Copy word for word the lines in the records below, starting at the line with "Young Girl Running" and ending at the line with "Jan 4, 2025;". Skip the pictures.
** Extracted records follows **
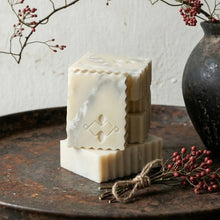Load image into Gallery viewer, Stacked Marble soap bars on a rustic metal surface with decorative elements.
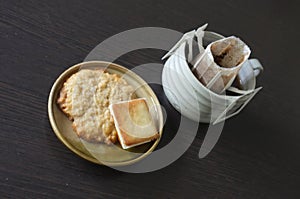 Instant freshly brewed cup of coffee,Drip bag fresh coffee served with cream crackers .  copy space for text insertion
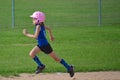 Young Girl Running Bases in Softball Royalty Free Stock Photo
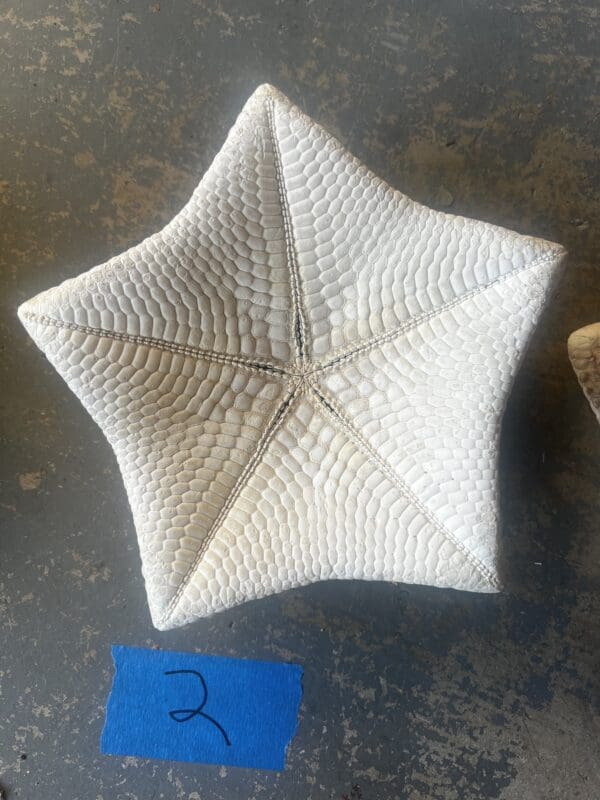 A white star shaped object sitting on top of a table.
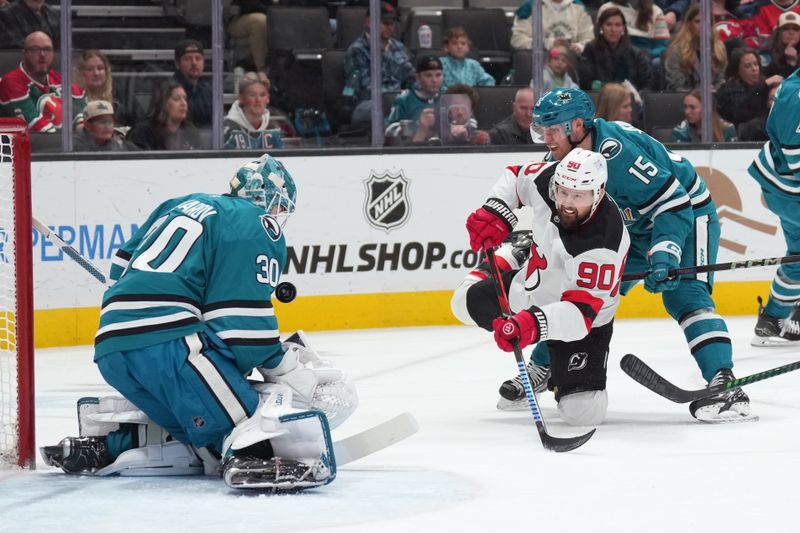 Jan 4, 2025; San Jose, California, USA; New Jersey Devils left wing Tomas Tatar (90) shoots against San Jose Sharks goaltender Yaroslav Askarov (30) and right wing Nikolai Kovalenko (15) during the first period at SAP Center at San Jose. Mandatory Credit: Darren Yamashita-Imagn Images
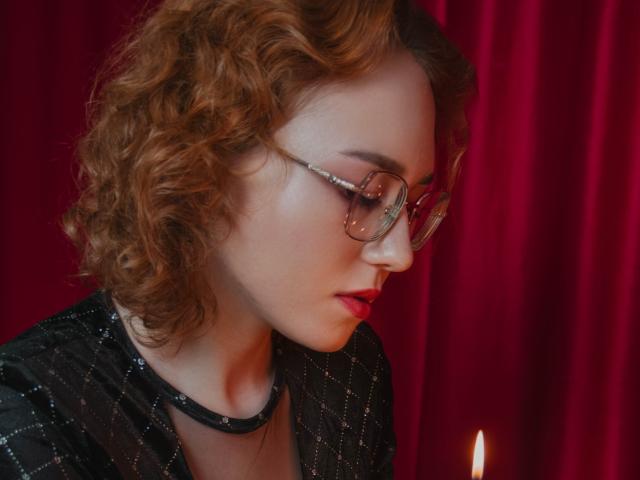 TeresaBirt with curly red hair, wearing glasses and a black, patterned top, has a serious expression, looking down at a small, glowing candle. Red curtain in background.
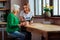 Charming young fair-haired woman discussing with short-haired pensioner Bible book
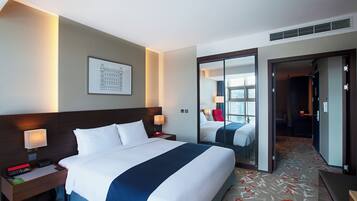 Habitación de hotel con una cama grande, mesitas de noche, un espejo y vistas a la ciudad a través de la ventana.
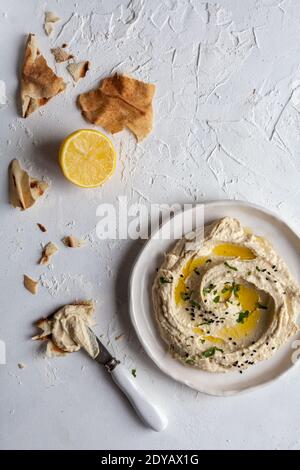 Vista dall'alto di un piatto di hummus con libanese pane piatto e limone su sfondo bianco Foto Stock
** End of Extracted records **
** Extracted records follows **
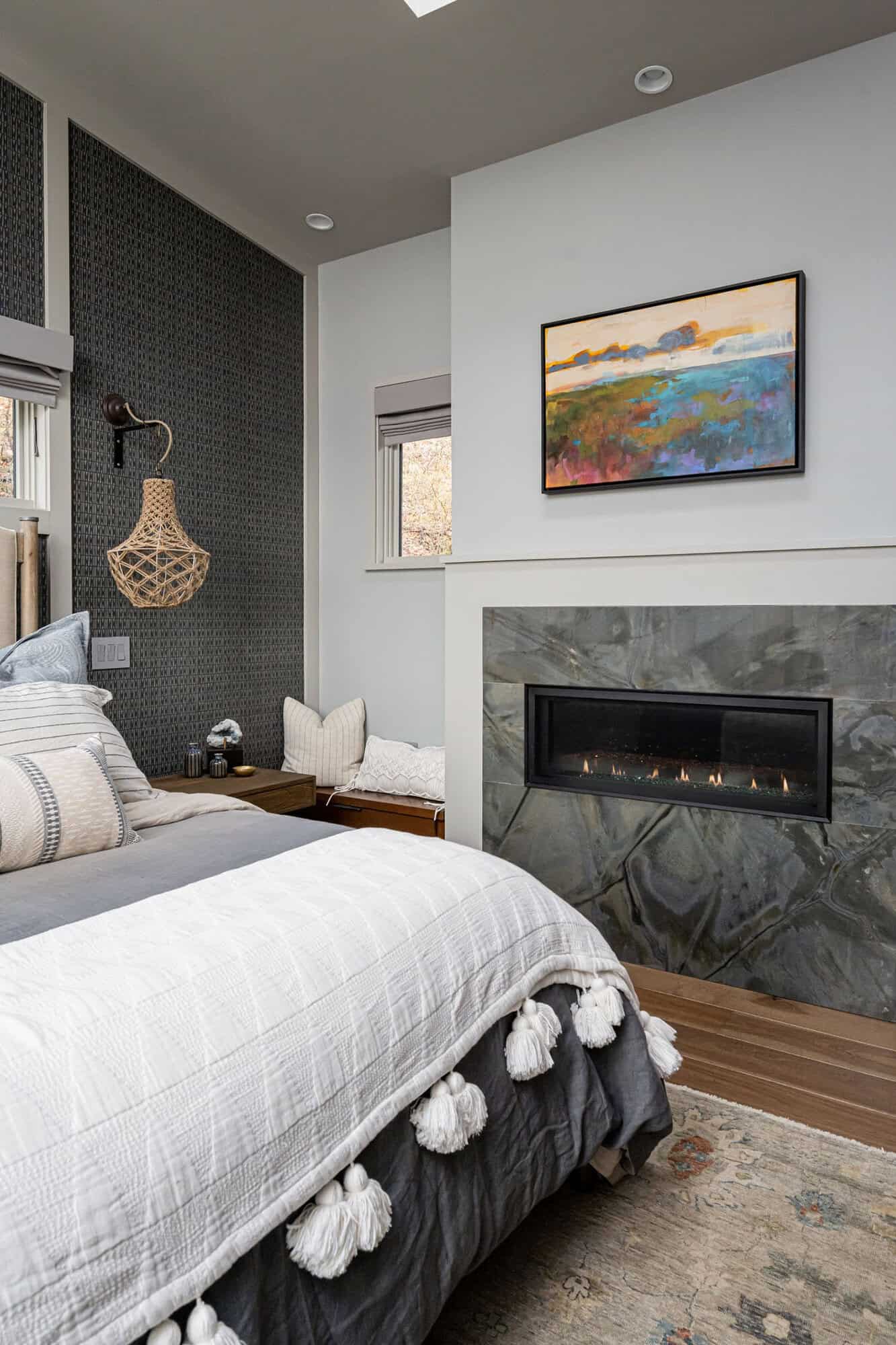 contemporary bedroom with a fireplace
** End of Extracted records **
** Extracted records follows **
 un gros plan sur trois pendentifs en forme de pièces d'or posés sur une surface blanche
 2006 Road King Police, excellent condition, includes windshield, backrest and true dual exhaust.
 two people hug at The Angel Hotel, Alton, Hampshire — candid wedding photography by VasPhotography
** End of Extracted records **
Output of the exercise:
 Young Girl Running Bases in Softball Royalty Free Stock Photo
 A white star shaped object sitting on top of a table.
 Jan 4, 2025; San Jose, California, USA; New Jersey Devils left wing Tomas Tatar (90) shoots against San Jose Sharks goaltender Yaroslav Askarov (30) and right wing Nikolai Kovalenko (15) during the first period at SAP Center at San Jose. Mandatory Credit: Darren Yamashita-Imagn Images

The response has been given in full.